Red, all of it.
The inside of her head glitters with reflections of constant sunset.
That’s what Lindin, Tildee’s younger sister, the one without sight, always says.
Together, they can tell which of the rich kids looking for pretty partners
will find one, whose physical beauty will not fade.
Tildee’s vision comes from within, in bursts of partial understanding.
At a glance, she sees future faces and their distortions
while her fingers and joints sting to the bone, pain paralyzes her—
in a few seconds, she knows and Linden feels the burning:
concentrated heat lights the sparks inside her head—
she can tell who Tildee knows will be beautiful
“That one,” she’d say, releasing Tildee’s hand then pointing.
The sisters never failed to make a match but only Tildee knows
that the future beauty will steal all of what that passerby has.
She tells no one, not even her sister that she can see action and intent,
that no one ever asks about the dark that matters—the unnoticed
dark matter between infrequent stars.
DJ Tantillo loves to study the complexity associated with his young children and with the mechanisms of chemical reactions. He does both in Northern California, where he is a professor of chemistry at the University of California, Davis. He is relatively new to the world of publishing fiction and poetry; his previous work can be found here: http://blueline.ucdavis.edu/2ndTier/3rdTier/FlashFiction.html.

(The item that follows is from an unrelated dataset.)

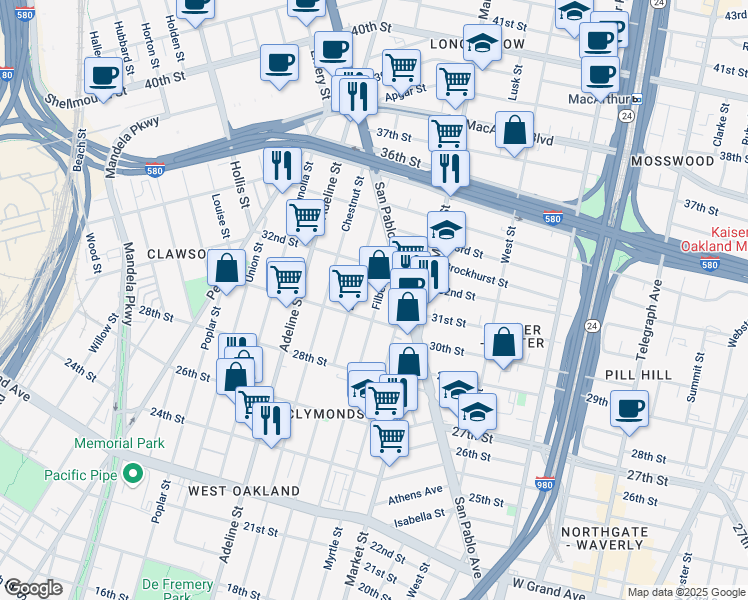 map of restaurants, bars, coffee shops, grocery stores, and more near 3131 Filbert Street in Oakland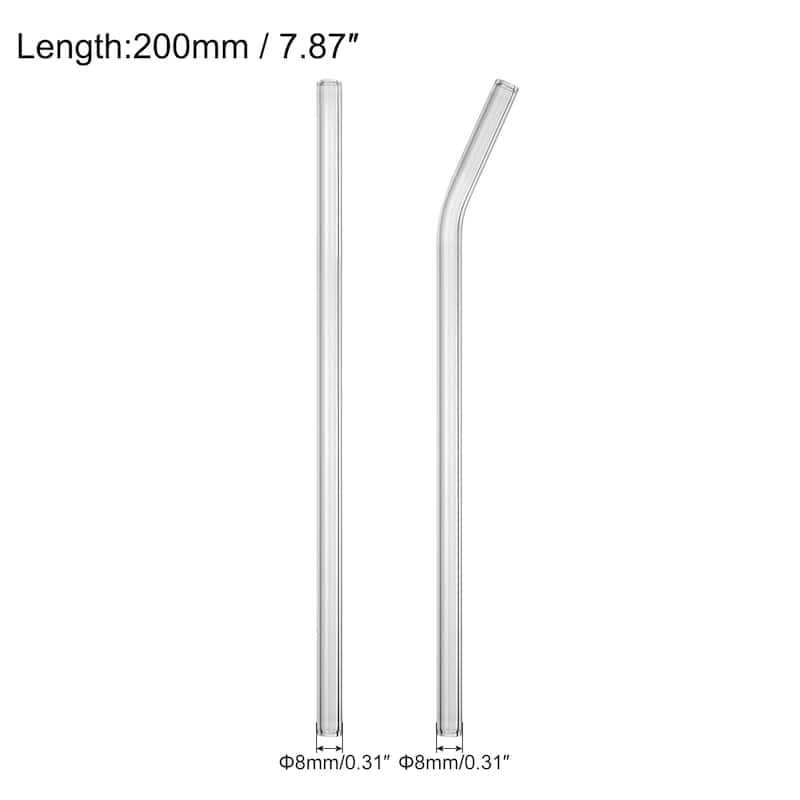 Reusable Straws Glass Straw, 2pcs 8"x8mm with Cleaning Brush and Box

Backstory:This poem arose from the author’s annoying habit of trying to guess what passersby will look like decades after they pass by. What if that sort of vision was a type of (mundane) superpower? Would it be of use to anyone? Would anyone pay for its application? Would it be used to serve the greater good or selfish desires? Would one with such power be exploited? Would anyone envy it? The author’s fascination with interdependency (human and chemical) and his experience in working with blind students shaped the characters. The title comes from a Sanskrit word describing the time of day when cows, returning from grazing, kick up dust that partly obscures the light of the setting sun.